Since the Bharat Ratna is a lifetime achievement award and Advani’s record in public service or government was always second to more luminous peers, it can only be inferred that he is being honoured for his political work, that is, for building up the BJP from a splinter of the Janata Party into the battering ram it became in the 1990s. This he did by stoking religious passions over the Ram Janmabhoomi-Babri Masjid issue, which culminated in the demolition of the mosque in 1992. This one event, more than anything he did as party president or as deputy to Atal Bihari Vajpayee a decade later, is what Advani will be associated with in the memory of this nation.

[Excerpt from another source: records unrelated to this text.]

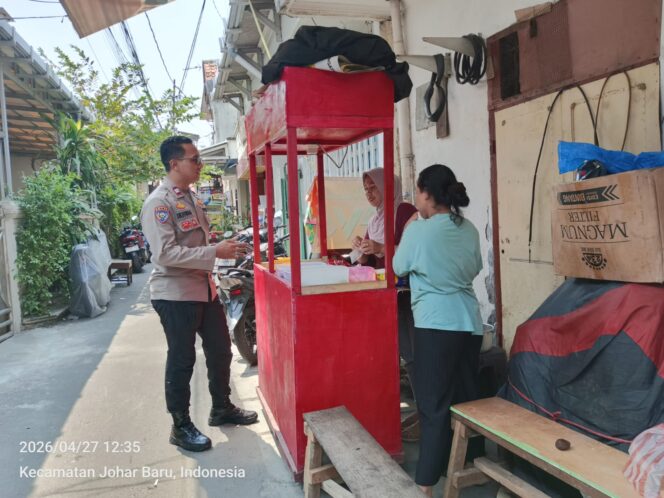 
					Polisi Turun ke Gang Sempit, Sambangi UMKM Pecel Ayam untuk Jaga Kamtibmas Kampung Rawa
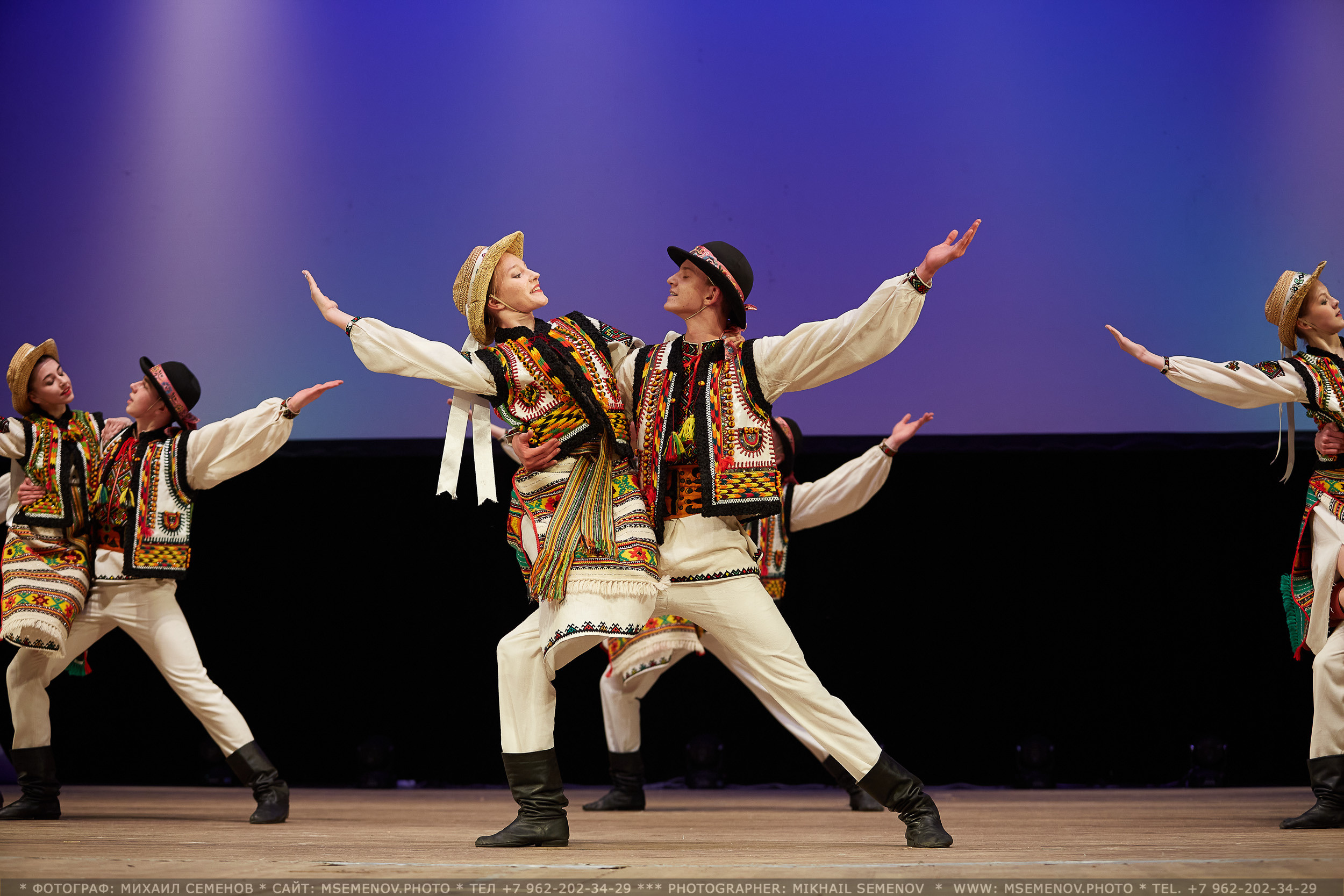 АНОНС Выпускной «Счастливое детство» 2023. Photographer for business Mikhail Semenov. Aqua photo studio, photo school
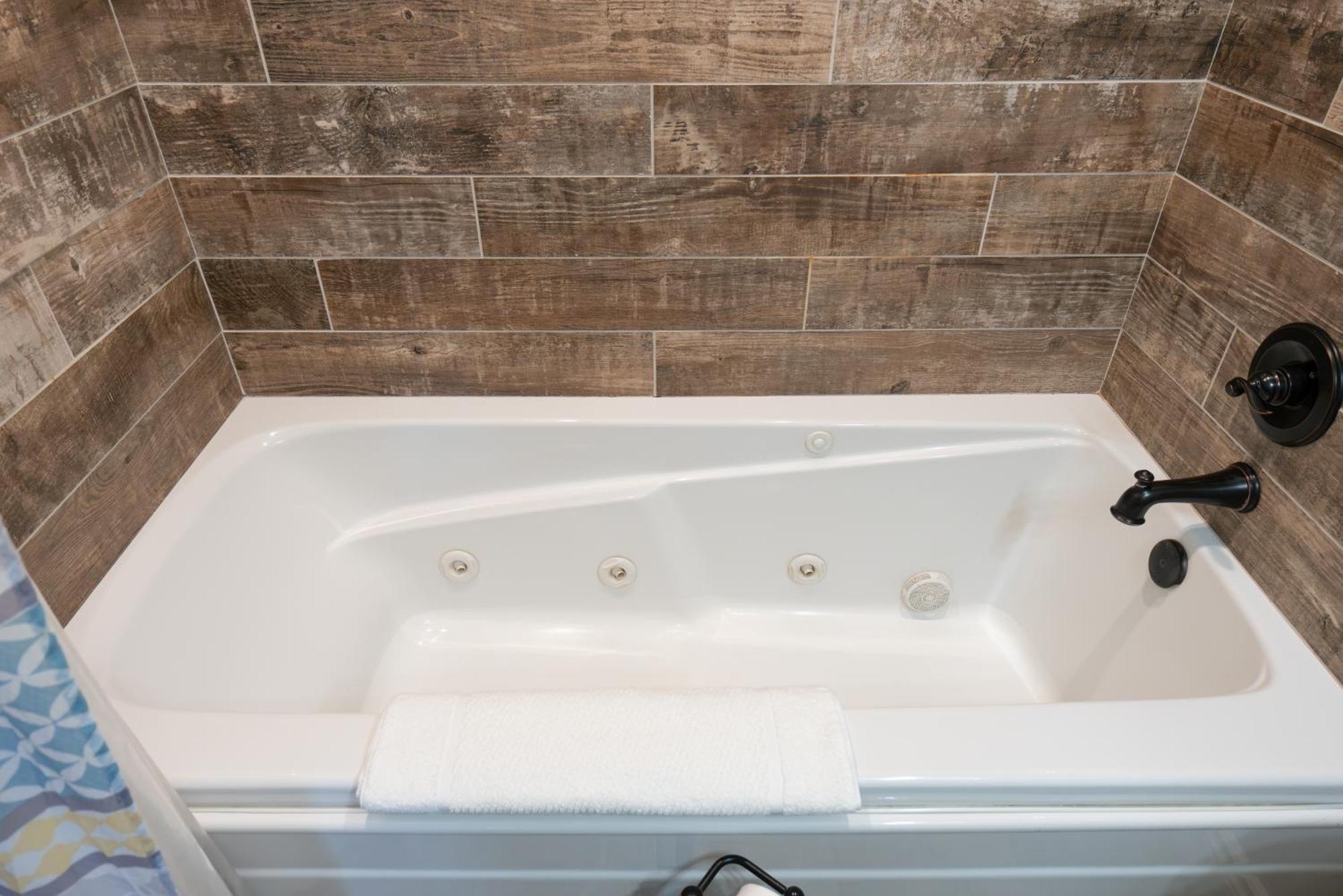 2Br Walk-In Condo - Near The 76 Strip - Free Wifi - Pool - Free Tickets Included - Clb-3 Branson Luaran gambar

The destruction of the mosque by thousands of karsevaks took place as he stood helplessly by, pleading with his aides to din some RSS manners into the vandals. In the aftermath of the demolition, which led to communal riots all over the country, he described the demolition as ‘shameful’. A decade later, he remembered it as a ‘terrible day’. So, the irony of this honour is that the recipient’s pride is likely to have at least a shade of embarrassment.

To carp that giving the Bharat Ratna to Advani, primarily a politician, negates the spirit of the award, is to cry over spilt milk. Until it was thrown open to “all areas of endeavour” in 2011, the award was limited to exceptional service in the arts, literature, science and public service. Yet, the majority of honorees have been politicians, limiting artists, writers and scientists to a minority. At least 30 of the 50 winners so far have been personalities who held political office. There have been a few cases of state-level politicians being named to the award to please voters before an election. So, it’s not exceptional that six out of seven Bharat Ratna awardees in the Narendra Modi era have been politicians or political ideologues.

In the popular imagination, the Bharat Ratna winner is thought to embody the values of the nation. But who is to define what those are, and which personality could possibly be imbued with all of them? Of the 50 Bharat Ratna awardees so far, there would be national consensus on only a handful, and most of them belong to the category of artists, writers and scientists. Not everybody can be a Lata Mangeshkar.